╭──
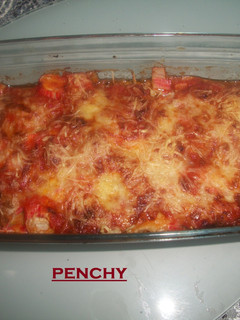 Una foto de Pastel gratinado de calabacín, atún y surimi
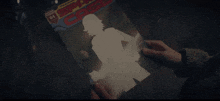 a person is holding a copy of a comic book called spy case
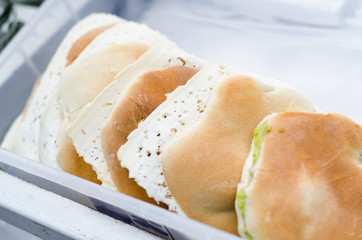 Sale of bread and cheese at the foot of the San Pedro market in Cusco - Peru.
╰──
▸ WHAT THE TASK ASKS
Would you return the data exactly as written, without the pictures?

▸ ANSWER TO THE EXERCISE
 Una foto de Pastel gratinado de calabacín, atún y surimi
 a person is holding a copy of a comic book called spy case
 Sale of bread and cheese at the foot of the San Pedro market in Cusco - Peru.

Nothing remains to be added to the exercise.